Tak hanya itu, dia juga mengambil langkah 'bersih-bersih' koruptor di internal perusahaan. Langkah itu masih terus masifkan hingga sekarang.
"Saya yakin ini proyek lama, ya maksudnya bukan zaman saya karena itu kenapa zaman saya untuk karya-karya yang tidak sehat kita perbaiki. Kan kalau ada korupsi di karya-karya yah kita bekerjasama untuk kita pastikan oknum-oknumnya itu bertanggung jawab," tutur dia.
Kasus lama, kata Erick, menjadi beban. Lantaran direksi sebelumnya meninggalkan 'dosa masa lalu' yang harus diselesaikan dan dibenahi pemegang saham dan direksi saat ini.

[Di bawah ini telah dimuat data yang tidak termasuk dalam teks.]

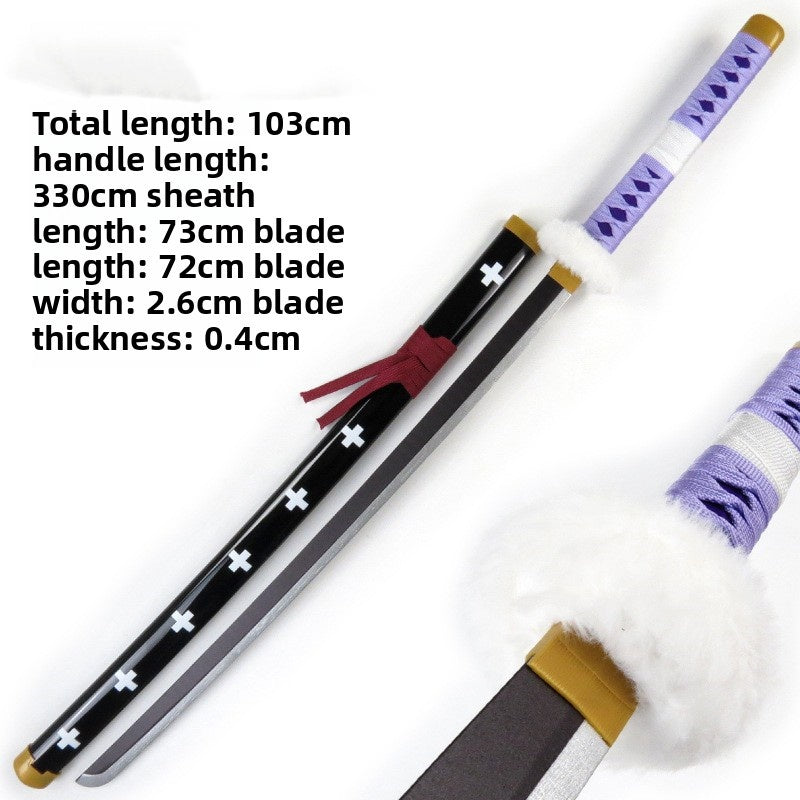 One Piece Trafalgar Law Sword Replica – Premium Kikoku Wooden Cosplay Katana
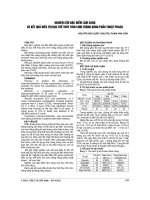 NGHIÊN cứu đặc điểm lâm SÀNG và kết QUẢ điều TRỊ đục THỂ THỦY TINH CHÍN TRẮNG BẰNG PHẪU THUẬT PHACO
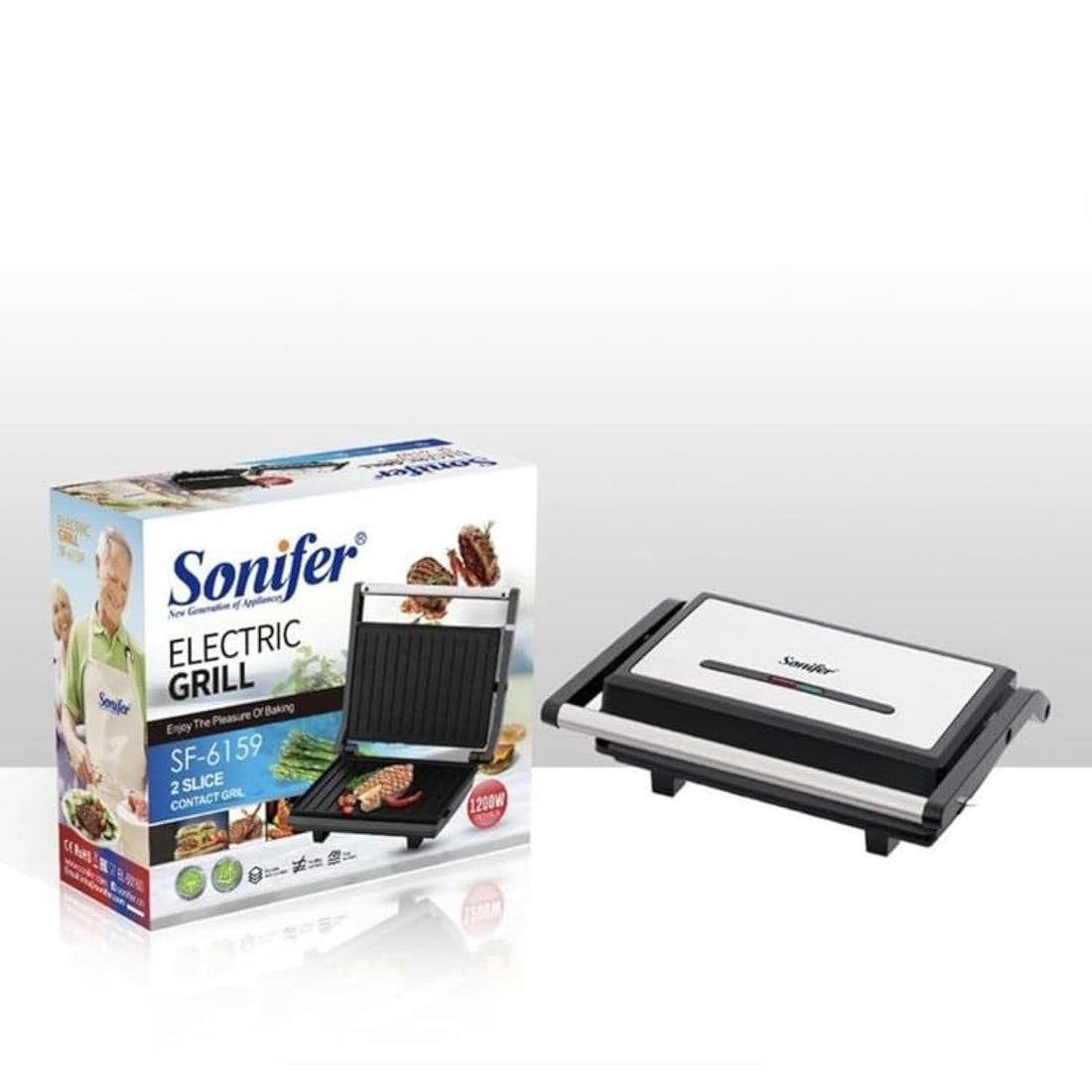 Sonifer SF-6159 1200W Electric Toaster Grill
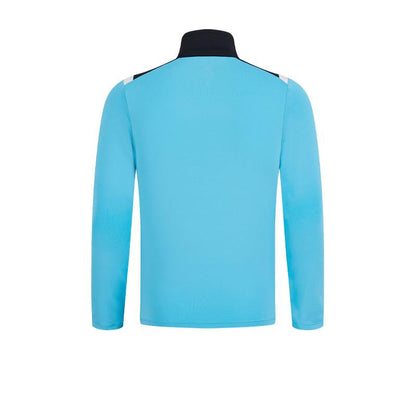 Children's half-zip training long-sleeved shirt [Manchester Blue]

Dia menegaskan persoalan lama jangan dipandang sebagai 'dosa' manajemen saat ini. Apalagi, membesar-besarkan perihal utang BUMN.
"Supaya gini lho, beban hari ini seakan-akan tercerminkan ini dosa hari ini. Ini selalu kalau saya cek dari data-data, persepsi, seakan-akan BUMN ini utangnya jumbo. Padahal kalau kita lihat, utang BUMN itu Rp1.600 triliun, modalnya Rp m3.200 triliun, tapi tidak pernah ada yang nulis modal jumbo, pasti cuma hutang jumbo, sama juga ketika kita bicara utang BUMN, seakan-akan BUMN ini bangkrut semua," kata Erick.